I can hear her muffled conversation outside in the corridor. ‘. . . about half an hour ago . . . she’s in shock . . . thank you . . .’
And it’s not until about twenty minutes later, when Hugh walks in calmly, respectfully, that the tears finally erupt. I pick up Cam’s hand, my head bent, and hold it to my forehead.
His skin is already going cold.
This is the saddest I will ever be, I think.
But even this early in my fledgling grief, I suspect that’s probably not true. I’m going to disintegrate.
‘I’ll give you time with Cam alone,’ Hugh says behind me.
I don’t turn around. ‘Stay,’ I say in a voice I barely recognise. I don’t like being alone with Cam now. But I can’t leave him. I need to watch over him until they take him from here. From me.
Hugh doesn’t speak unless spoken to, but his strong presence in the room is such a comfort. I say something about needing to start calling people and he tells me we’ll get to that soon, it’s okay just to sit here with Cam for a while.
I’m instantly terrified to go home to an empty house. I don’t know what to do about anything. ‘Do I call in and wake Charlie up or tell him tomorrow?’
‘Let him sleep. Look after yourself tonight and get your bearings.’
My bearings? There can be no bearings in a life without my husband.
Charlie can have twelve more hours until his world is shattered. Twelve hours until his childhood innocence is ripped to pieces. Of course I’ve prepared him for this moment, as much as you can prepare a three-year-old, but I could never quite imagine us actually being here.
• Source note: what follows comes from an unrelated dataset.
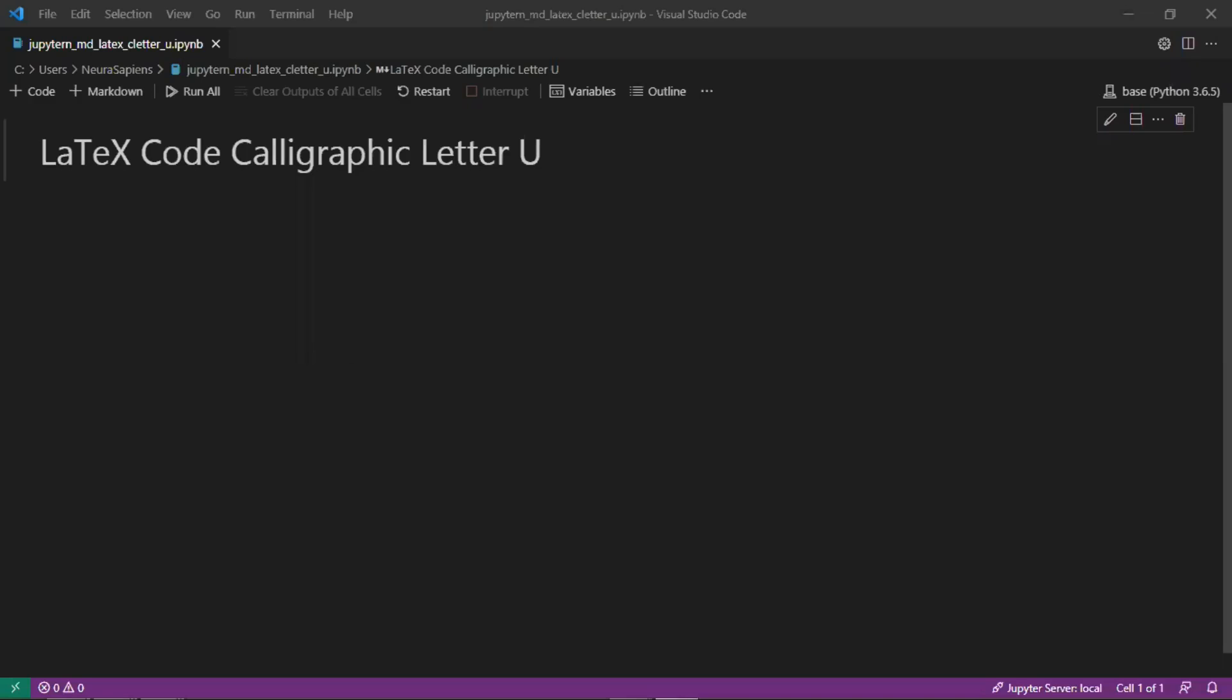Hello everyone, welcome to Neurosapiens. In today's tutorial we'll look at how to add a calligraphic letter U to a Jupyter notebook markdown cell using LaTeX code.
There’s no rule book, and I desperately need one.
Grief is strange, when it happens in advance. Since Cam’s diagnosis two years ago, I’ve been processing this loss every day. I thought the time we had to accept it would make it easier. Sudden death must be so blindsiding in comparison. But now I’m here, I’m blindsided anyway, because I never truly believed this would unfold. Never stopped hoping for a miracle, even though we were so obviously not going to get one.
Hugh passes me a glass of water. He tells me grief can be dehydrating.
I can’t work out how he knows so much, but I do as he says and take the glass.
It strikes me that Cam will never need water again. He’ll never need pyjamas or sheets. Never a bed or a toothbrush or shaving gear. He’ll never drive. Never see the stars. Never anything. He is finished. Done. Gone. Full stop.
‘He’s never coming back,’ I whisper, finally appreciating what grief really is. This permanent ending of a person. The end of their story. The complete lack of their existence.